(Short web captions)
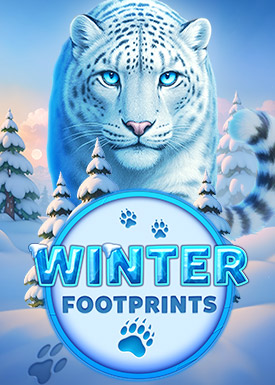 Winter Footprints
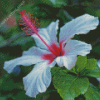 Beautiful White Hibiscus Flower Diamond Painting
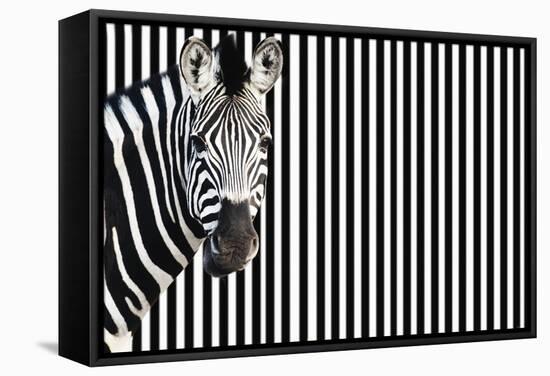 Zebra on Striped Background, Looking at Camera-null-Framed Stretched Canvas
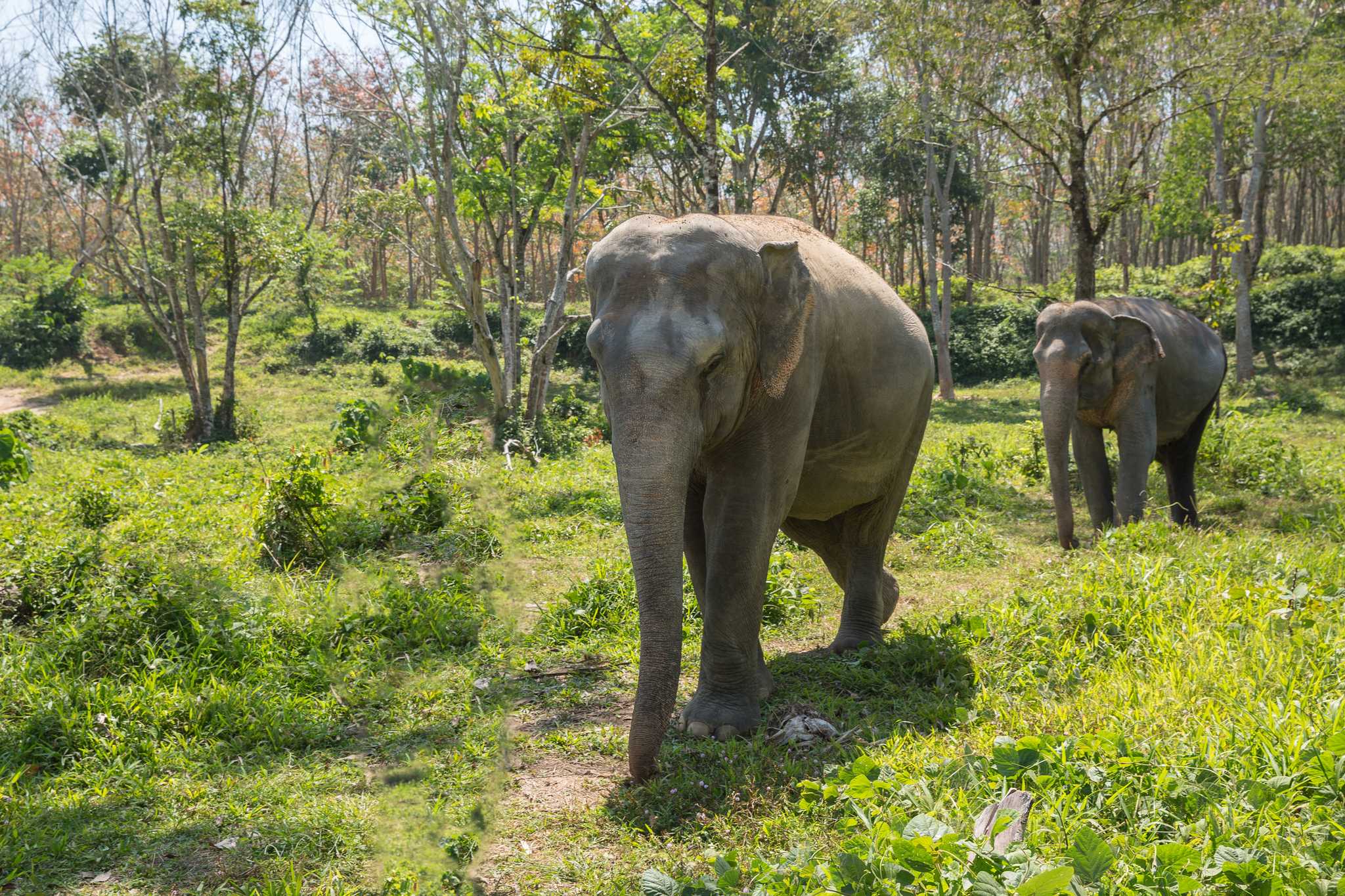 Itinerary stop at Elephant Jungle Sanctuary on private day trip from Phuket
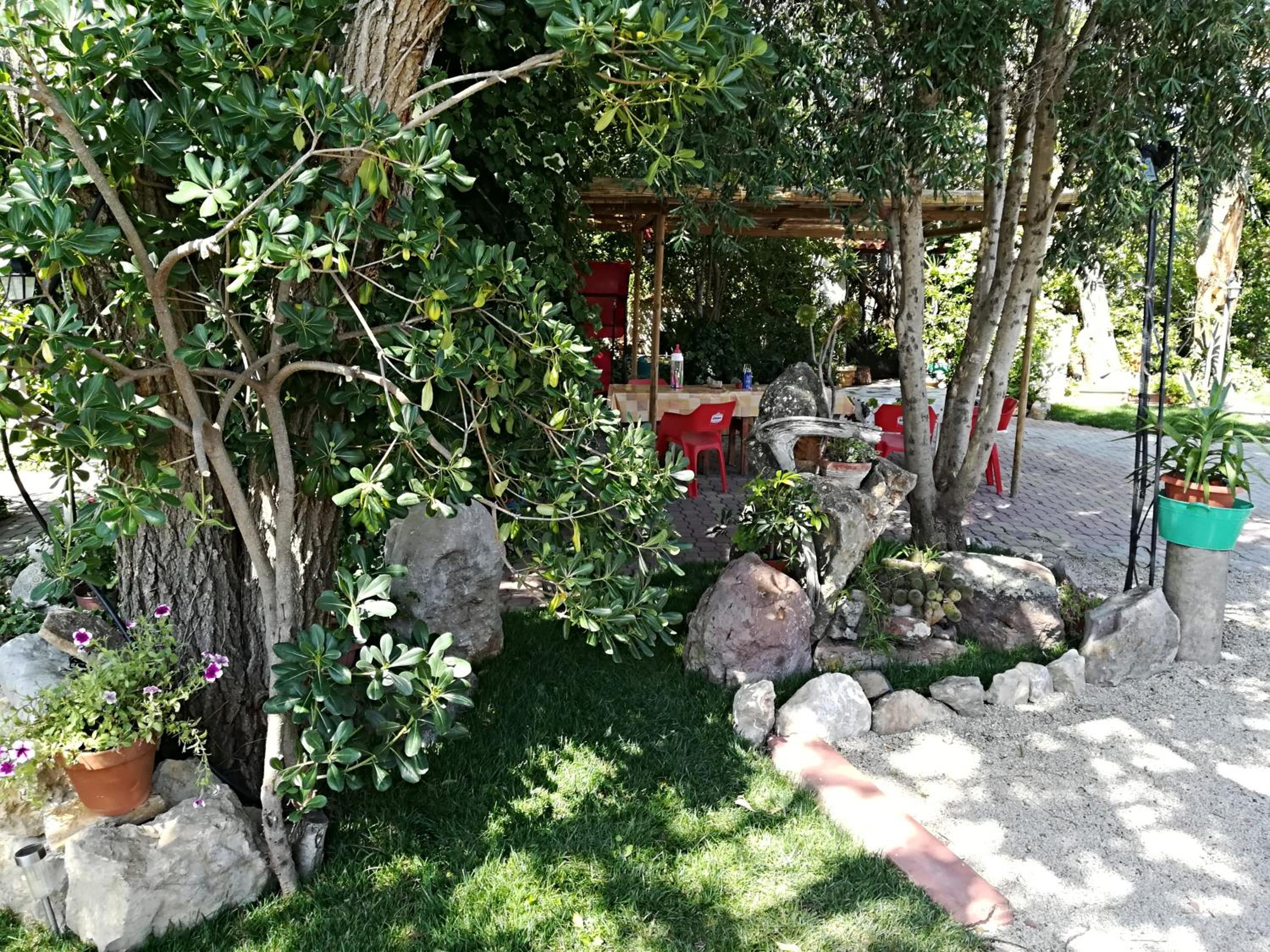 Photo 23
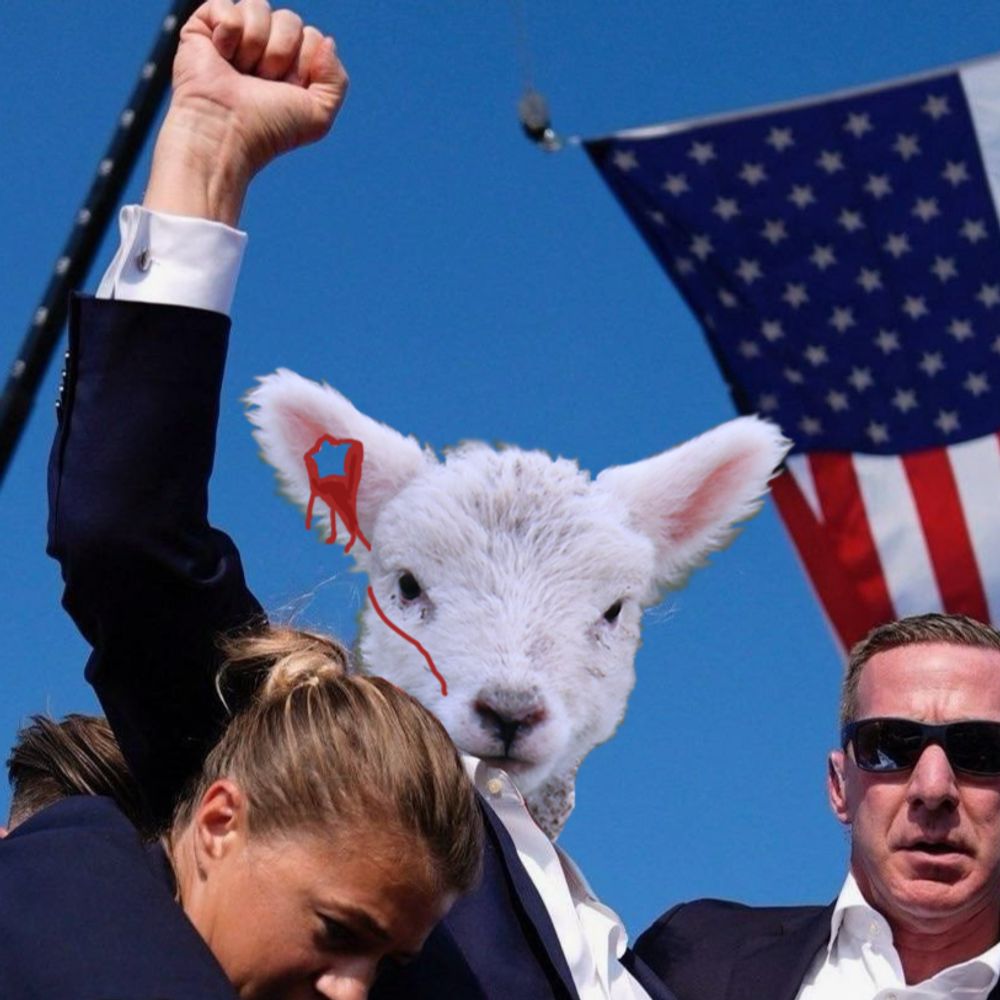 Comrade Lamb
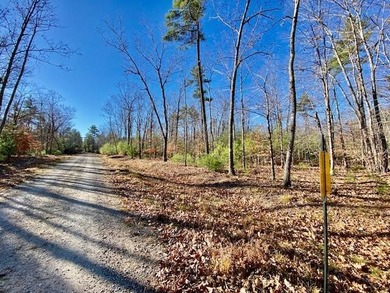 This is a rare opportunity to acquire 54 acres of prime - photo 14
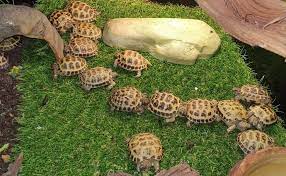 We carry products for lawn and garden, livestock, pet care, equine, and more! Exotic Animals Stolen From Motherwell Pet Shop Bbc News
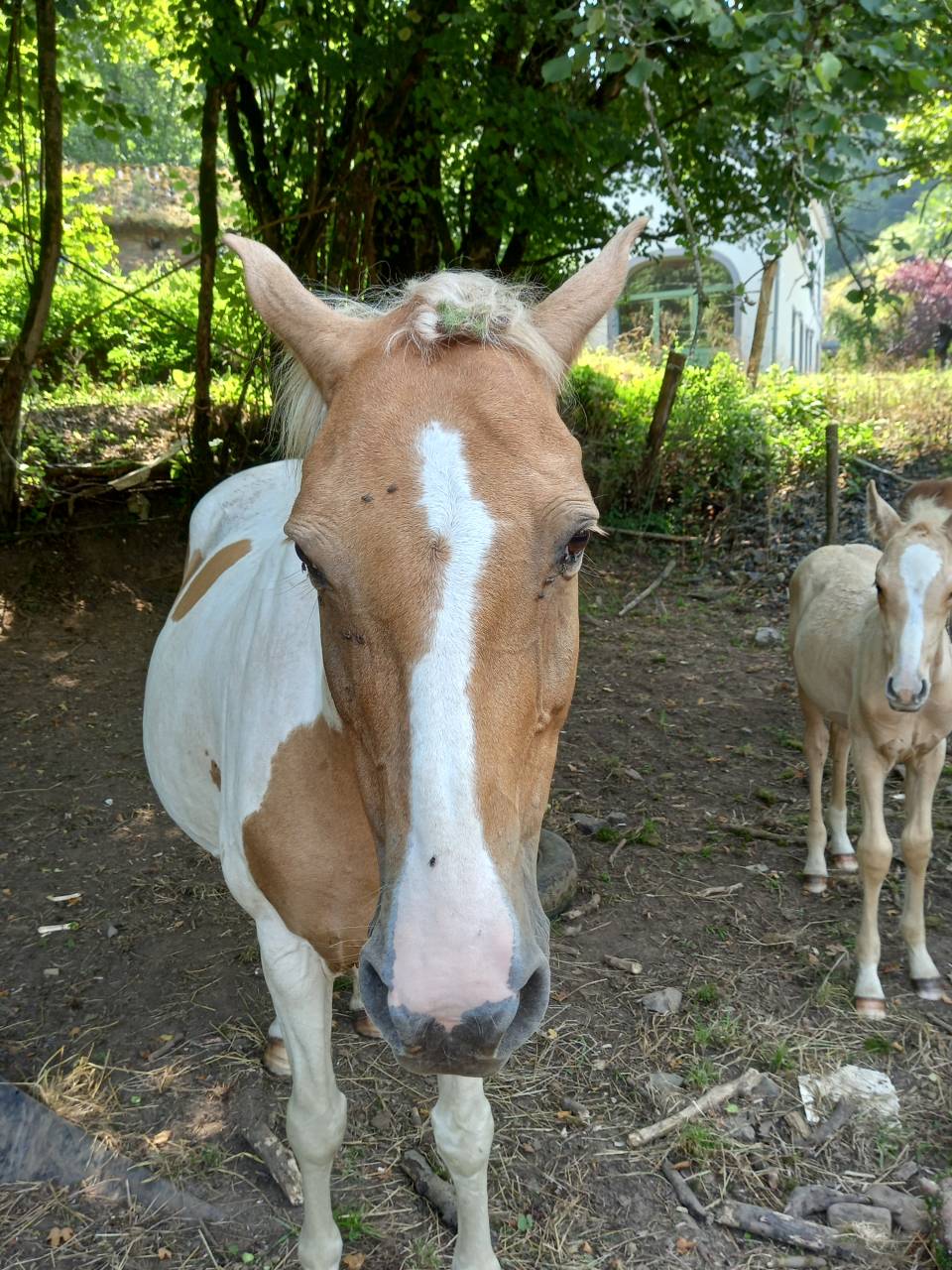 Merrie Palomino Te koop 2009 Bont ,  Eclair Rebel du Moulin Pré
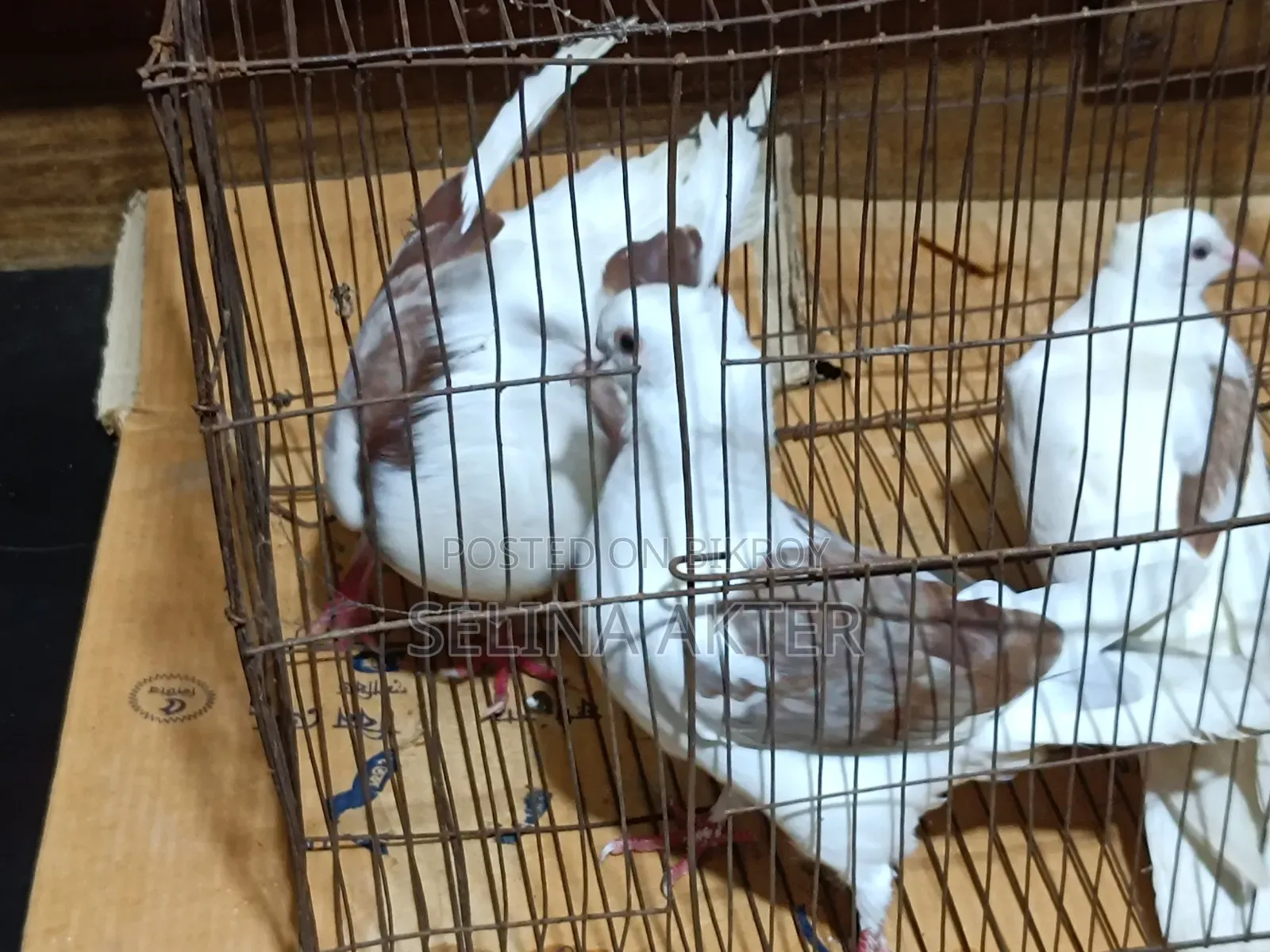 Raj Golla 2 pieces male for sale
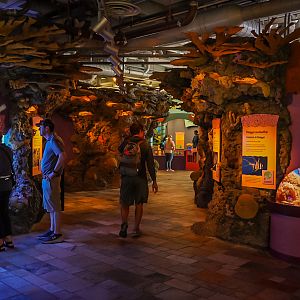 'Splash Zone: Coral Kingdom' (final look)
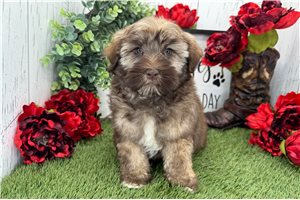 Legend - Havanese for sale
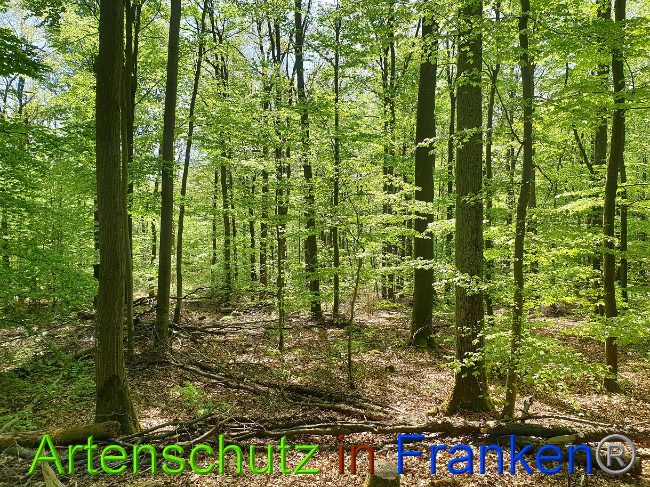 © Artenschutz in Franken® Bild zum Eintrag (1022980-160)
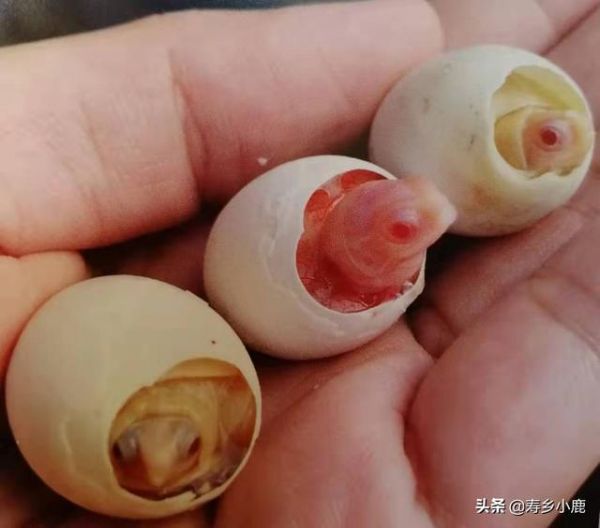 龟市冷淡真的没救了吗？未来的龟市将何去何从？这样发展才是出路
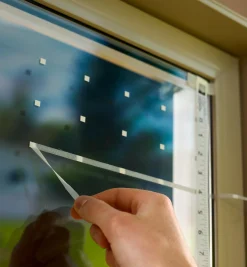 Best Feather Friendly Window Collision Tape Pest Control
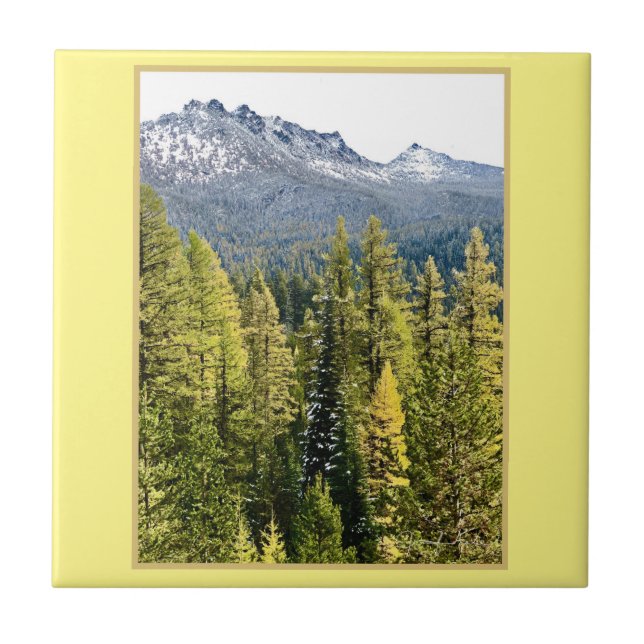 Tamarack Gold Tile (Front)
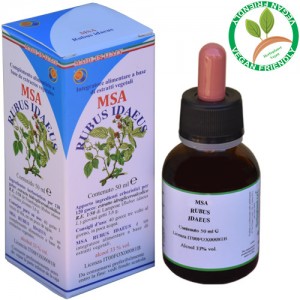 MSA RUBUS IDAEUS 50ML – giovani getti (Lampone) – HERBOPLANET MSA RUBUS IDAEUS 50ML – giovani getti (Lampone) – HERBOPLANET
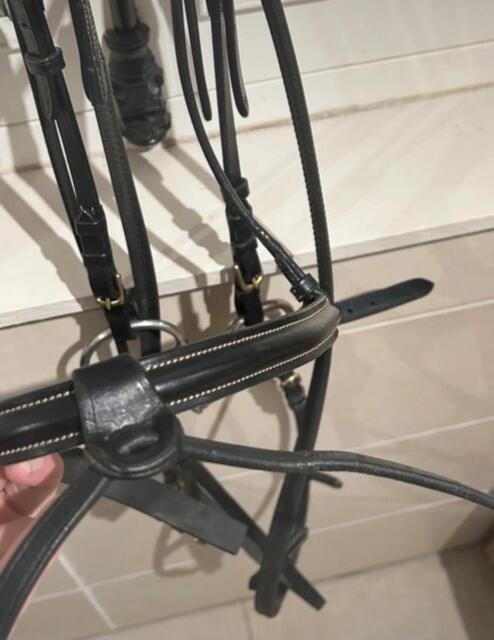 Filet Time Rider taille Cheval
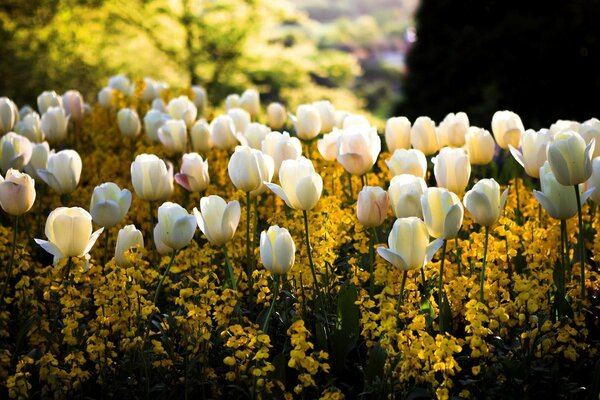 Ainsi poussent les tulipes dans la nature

WHAT YOU SHOULD DO -> Write out again the lines from the one with "zum Eintrag (1022980-160)" through the end of the records exactly, without any of the pictures.

TASK OUTPUT ->
 © Artenschutz in Franken® Bild zum Eintrag (1022980-160)
 龟市冷淡真的没救了吗？未来的龟市将何去何从？这样发展才是出路
 Best Feather Friendly Window Collision Tape Pest Control
 Tamarack Gold Tile (Front)
 MSA RUBUS IDAEUS 50ML – giovani getti (Lampone) – HERBOPLANET MSA RUBUS IDAEUS 50ML – giovani getti (Lampone) – HERBOPLANET
 Filet Time Rider taille Cheval
 Ainsi poussent les tulipes dans la nature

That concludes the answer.